Re: [PATCH 1/2] KVM: x86/mmu: Add RET_PF_RETRY_INVALID_SLOT for fault retry on invalid slot

"Edgecombe, Rick P" <rick.p.edgecombe@xxxxxxxxx> · Mon, 19 May 2025 20:14:11 +0000

On Mon, 2025-05-19 at 10:06 -0700, Sean Christopherson wrote:
> On Mon, May 19, 2025, Rick P Edgecombe wrote:
> > On Mon, 2025-05-19 at 06:33 -0700, Sean Christopherson wrote:
> > > Was this hit by a real VMM?  If so, why is a TDX VMM removing a memslot without
> > > kicking vCPUs out of KVM?
> > > 
> > > Regardless, I would prefer not to add a new RET_PF_* flag for this.  At a glance,
> > > KVM can simply drop and reacquire SRCU in the relevant paths.
> > 
> > During the initial debugging and kicking around stage, this is the first
> > direction we looked. But kvm_gmem_populate() doesn't have scru locked, so then
> > kvm_tdp_map_page() tries to unlock without it being held. (although that version
> > didn't check r == RET_PF_RETRY like you had). Yan had the following concerns and
> > came up with the version in this series, which we held review on for the list:
> 
> Ah, I missed the kvm_gmem_populate() => kvm_tdp_map_page() chain.
> 
> > > However, upon further consideration, I am reluctant to implement this fix for
> 
> Which fix?

The one considered when debugging the issue. It was pretty much exactly like you
first suggested, but with the scru lock taken in tdx_gmem_post_populate(). Since
it was pretty much the same I just shared Yan's comment on it.

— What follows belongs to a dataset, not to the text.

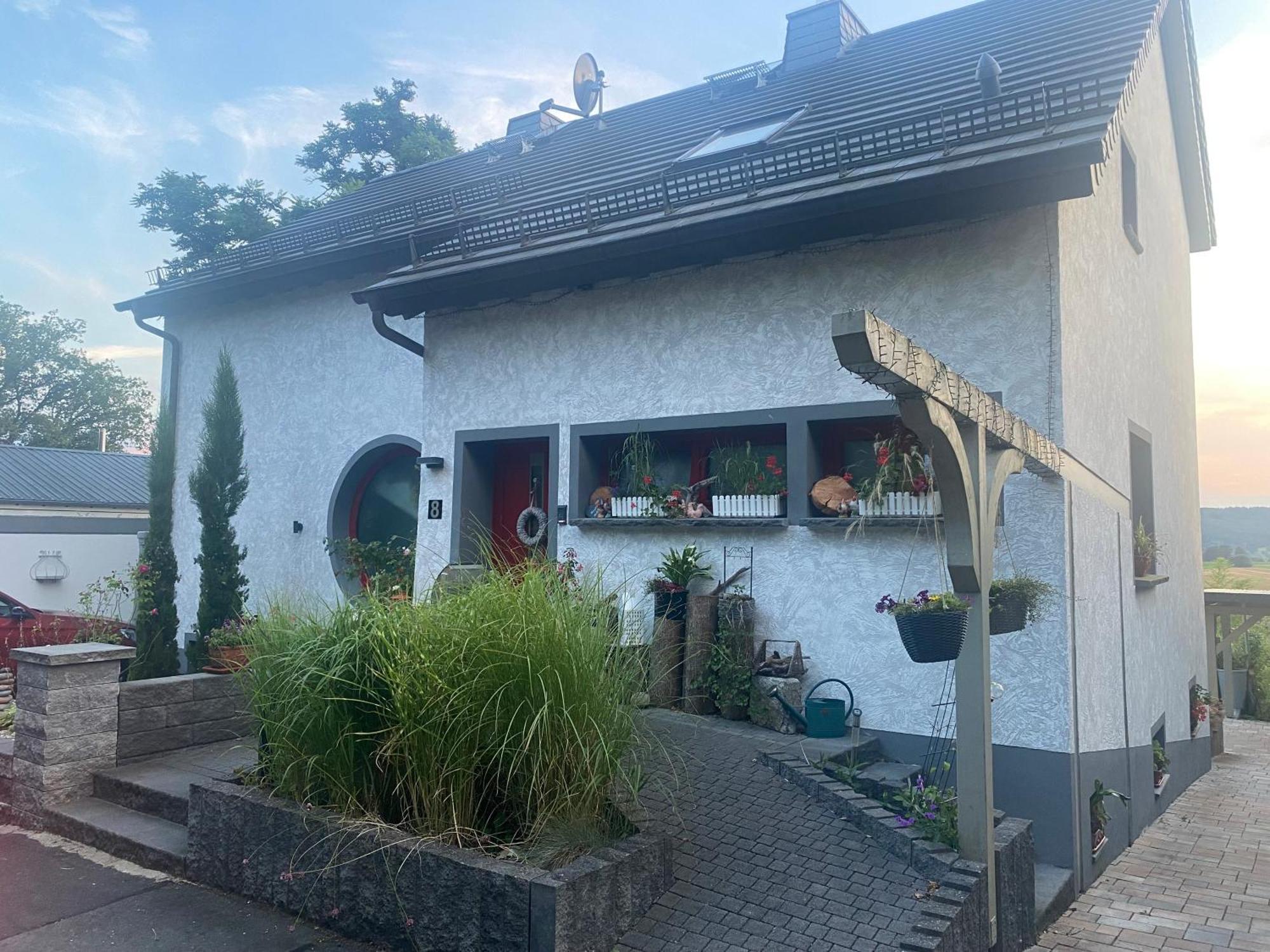 Ferienwohnung Lahntalblick Weilburg Eksteriør bilde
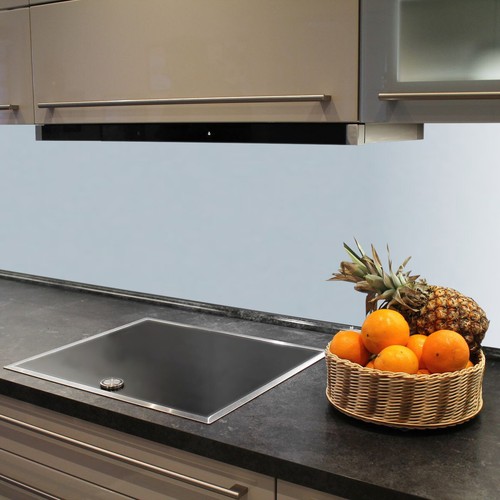 Cucina parete madreperla - cucina,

In case it looks like internal code review, here is some more history:
1. Reinette reports bug from internal test, wondering if it's valid userspace
behavior
2. I suggest scru root cause
3. Yan provides specific diff (pretty much what you suggested) for Reinette to
test, who finds the post_populate case generates a warning
4. Yan looks at fixing up post_populate case, but decides she doesn't like it
(the quoted blurb) and develops the alternative in this series

> > > the following reasons:
> > > - kvm_gmem_populate() already holds the kvm->slots_lock.
> > > - While retrying with srcu unlock and lock can workaround the
> > >   KVM_MEMSLOT_INVALID deadlock, it results in each kvm_vcpu_pre_fault_memory()
> > >   and tdx_handle_ept_violation() faulting with different memslot layouts.
> 
> This behavior has existed since pretty much the beginning of KVM time.
> 

The non-tdx issues today are related to the pre-fault memory stuff, which
doesn't enter the guest for a different reason.

>   TDX is the
> oddball that doesn't re-enter the guest.  All other flavors re-enter the guest on
> RET_PF_RETRY, which means dropping and reacquiring SRCU.  Which is why I don't like
> RET_PF_RETRY_INVALID_SLOT; it's simply handling the case we know about.
> 
> Arguably, _TDX_ is buggy by not providing this behavior.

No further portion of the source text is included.